Often, micromanaging everything – or at least, trying to – is a fast track to a life of unnecessary stress and anxiety. At some point, everyone just reaches their limit and has to take a step back.
Take a moment to reflect on which areas of your life might not actually need your direct guiding hand – and practice the art of “letting go” when appropriate.
Stop trying to always be as “productive” as possible
The idea of “productivity” has long since spilt over from our professional lives and is now something that we all tend to try and apply across the board, regardless of all other factors.
The writer Celeste Headlee notes that the rise in chronic stress might have as much to do with our perceived need to “structure” our free time in order to make it “productive,” as it does with anything else.
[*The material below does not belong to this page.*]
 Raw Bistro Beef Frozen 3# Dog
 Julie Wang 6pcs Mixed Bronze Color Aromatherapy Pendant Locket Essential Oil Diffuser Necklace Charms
Think about it – do you feel guilty when you sleep in on the weekend, or watch TV for a few hours, or read a novel? Surely you could use that time to “hustle,” or learn a language, or do some exercise, right?
Ultimately, we all need balance. While it’s good to achieve things, it’s just as necessary to allow for unstructured and unproductive time as well, so that you can rest and recharge your batteries, and actually enjoy the small pleasures of everyday life.
Simply letting go of the inner need to be – or feel – “productive” all the time can really help to defeat excess stress.
Focus less on goals, and more on your regular habits and routines
According to the Dilbert cartoonist Scott Adams, “goals are for losers,” and everyone should be focusing on “systems” instead.
The basic idea Adams is getting at is that when we set ourselves goals we put ourselves in the mindset of always chasing after things that we don’t have – and then circumstances often thwart our goals anyway, and make us even more stressed and unhappy in the process.
“Systems,” or “habits,” however, are different. By focusing on having some good regular routines and rituals in place, you can increase the odds of good things happening in your life, without constantly taking yourself out of the present moment and putting yourself into a mindset of lack and anxiety.